Captioned web images
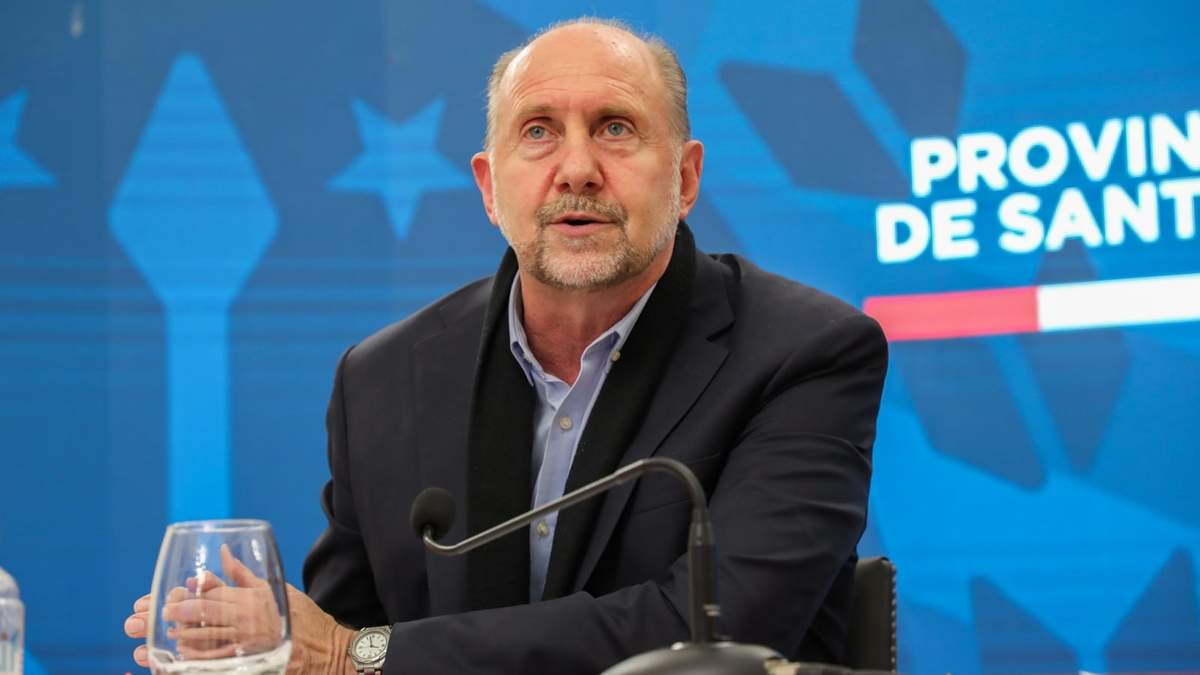 Omar Perotti. Fuente: (Twitter)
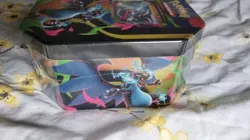 Mega Charizard Ex Tin Mega Charizard X EX Pokemon TCG Sealed x 3 - Image 5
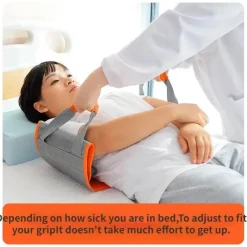 Tranquil Touch Mobilitäts- Und Support-Tools|Gesundheits-Gadgets-Patienten-Assistenzgurt für die Krankenpflege, Transfergurt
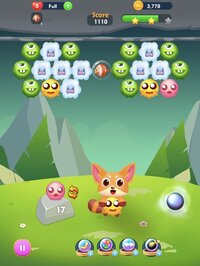 Bubble Shooter – Magic Animal screenshot, image №2469878 - RAWG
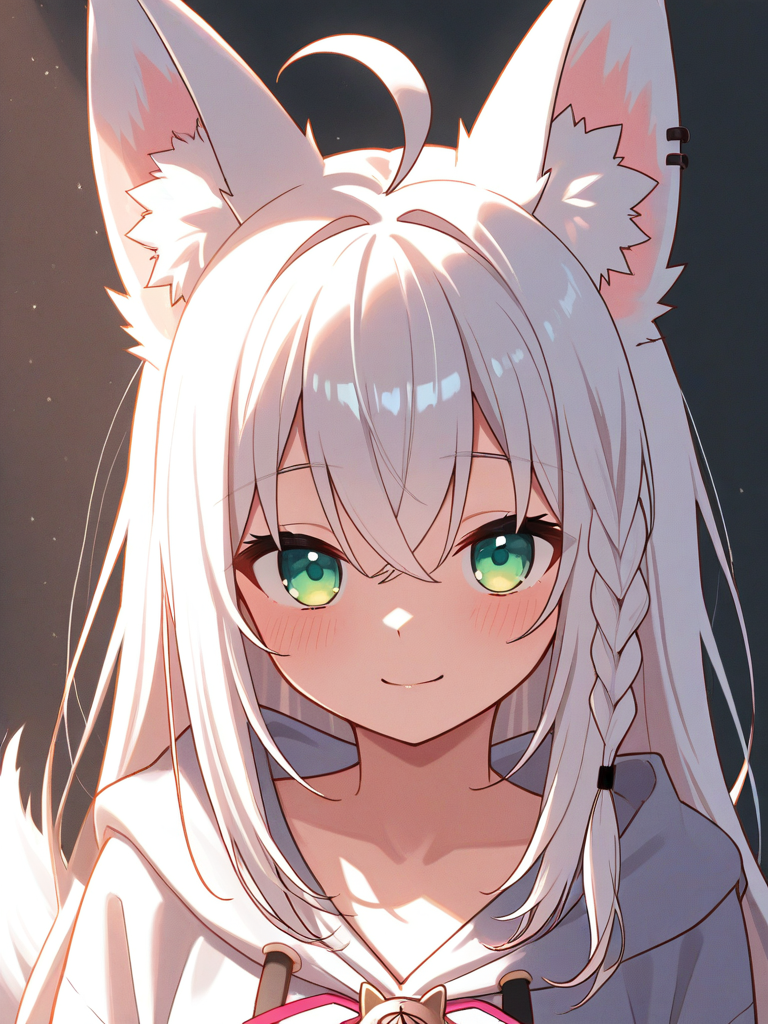 Oruyanke (Shirakami Fubuki) — Hololive character card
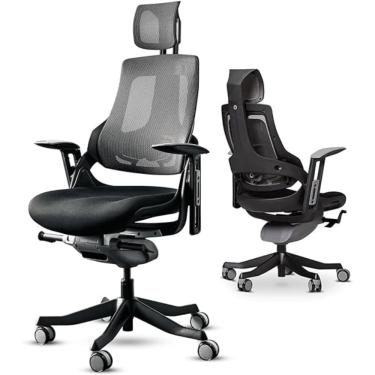 Imagem de Cadeira Ergonômica Design Office Pro+ Black
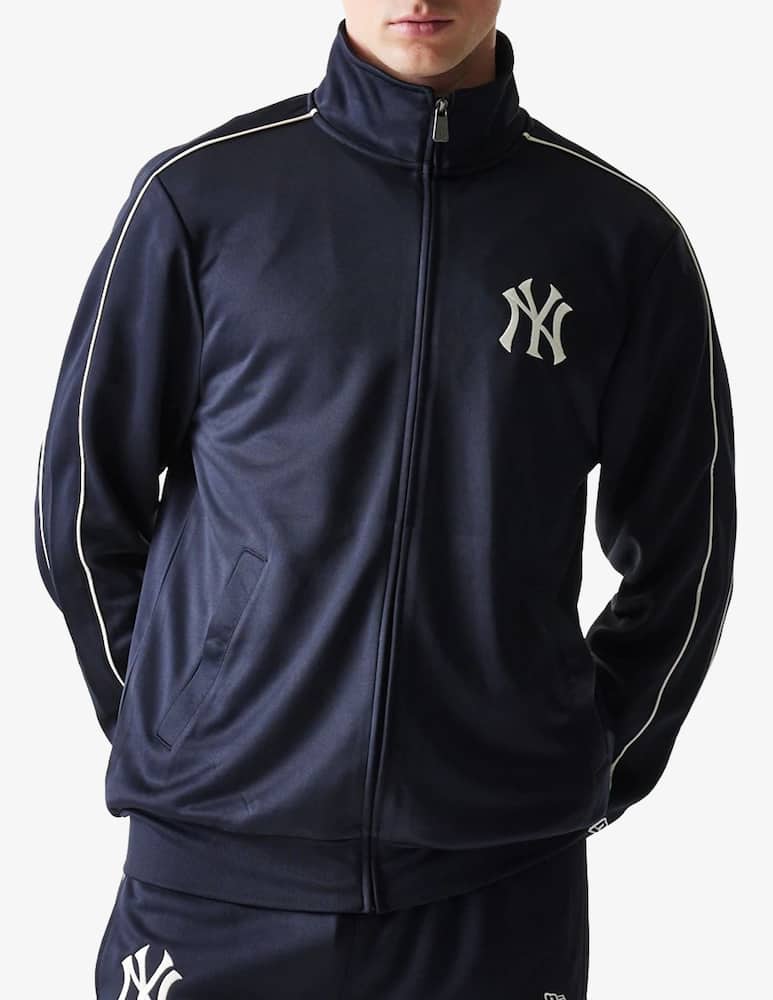 New Era Yankees logo piping track top - picture 1 New Era Yankees logo piping track top - picture 1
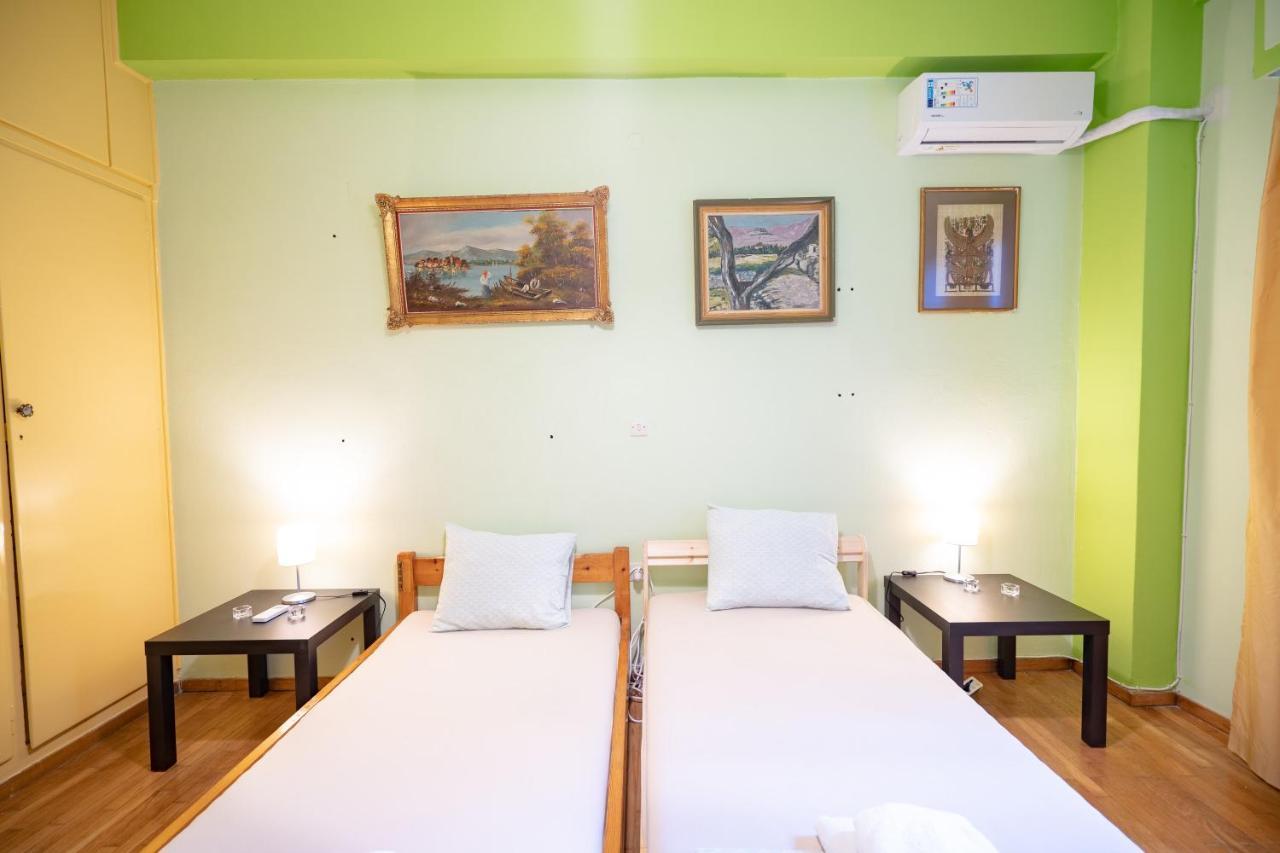Ampelokipi Metro St. 2 Bedrooms 6 Pers. Apartment Athens Luaran gambar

### ASSIGNMENT
Copy each line above exactly, with no images.

### REPLY
 Omar Perotti. Fuente: (Twitter)
 Mega Charizard Ex Tin Mega Charizard X EX Pokemon TCG Sealed x 3 - Image 5
 Tranquil Touch Mobilitäts- Und Support-Tools|Gesundheits-Gadgets-Patienten-Assistenzgurt für die Krankenpflege, Transfergurt
 Bubble Shooter – Magic Animal screenshot, image №2469878 - RAWG
 Oruyanke (Shirakami Fubuki) — Hololive character card
 Imagem de Cadeira Ergonômica Design Office Pro+ Black
 New Era Yankees logo piping track top - picture 1 New Era Yankees logo piping track top - picture 1
Ampelokipi Metro St. 2 Bedrooms 6 Pers. Apartment Athens Luaran gambar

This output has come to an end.